• [DATA BLOCK]
────────────────

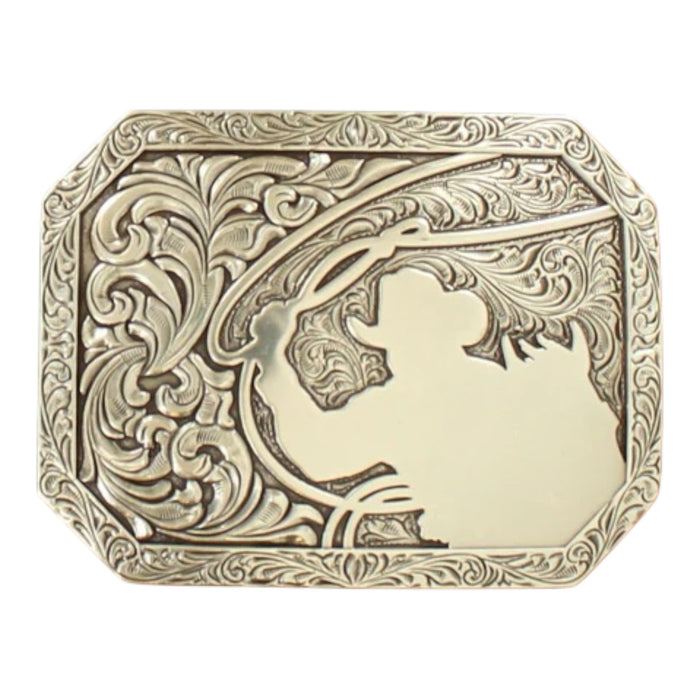 Stamped Edge Cowboy Roping Buckle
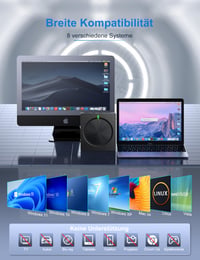 Unitate optică externă CD/DVD Umaniy cu USB 3.0 și USB-C, cititor de carduri SD/TF și 2 porturi USB-A, scriitor DVD portabil pentru laptop, MacBook, Windows și MacOS 4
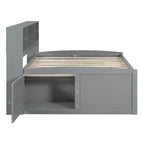 Full Size Wood Daybed with Cabinets, Shelves and 4 Drawers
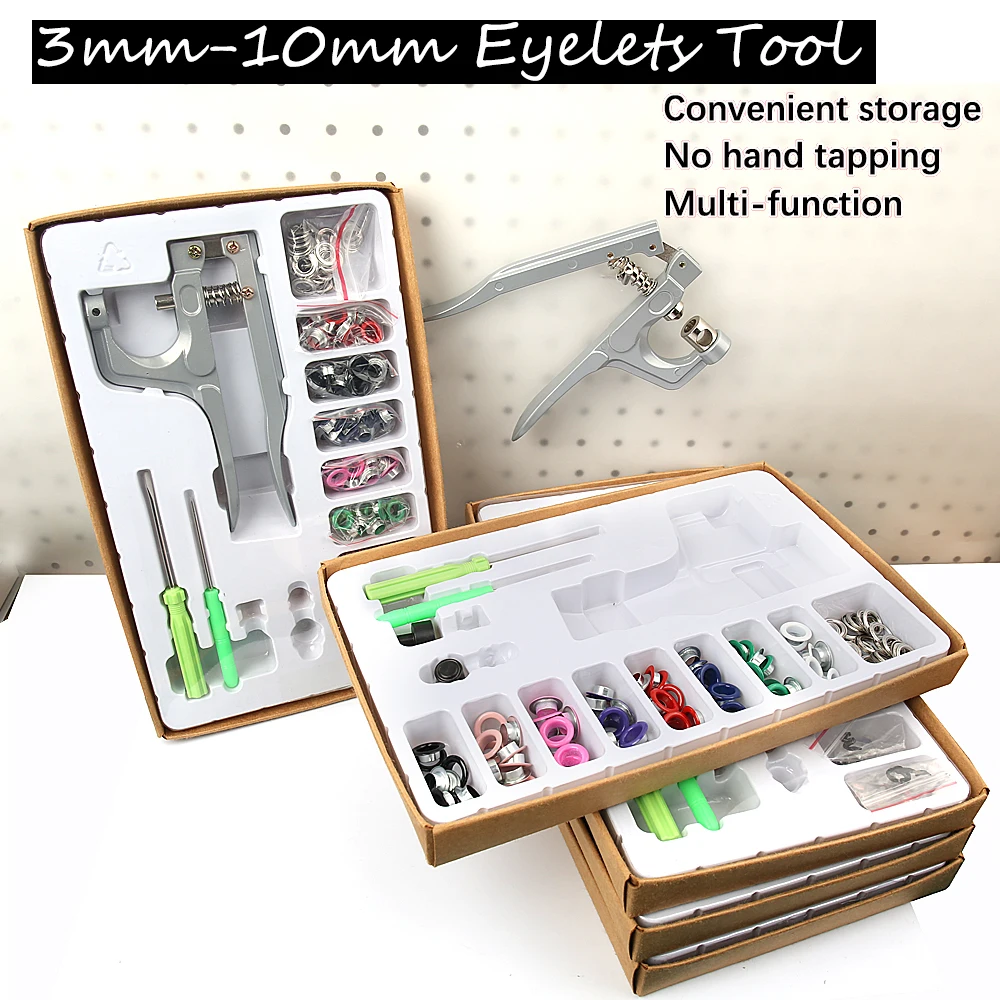3-10mm Metal Eyelets Grommet Multifunctional Punching Tool DIY Round Rings for Shoes Scrapbooking Leather Craft Tools Kit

────────────────

• [WHAT THIS TASK INVOLVES] Return to the listing above and set it down exactly, leaving out its pictures.

• [TASK RESPONSE]
 Stamped Edge Cowboy Roping Buckle
 Unitate optică externă CD/DVD Umaniy cu USB 3.0 și USB-C, cititor de carduri SD/TF și 2 porturi USB-A, scriitor DVD portabil pentru laptop, MacBook, Windows și MacOS 4
 Full Size Wood Daybed with Cabinets, Shelves and 4 Drawers
3-10mm Metal Eyelets Grommet Multifunctional Punching Tool DIY Round Rings for Shoes Scrapbooking Leather Craft Tools Kit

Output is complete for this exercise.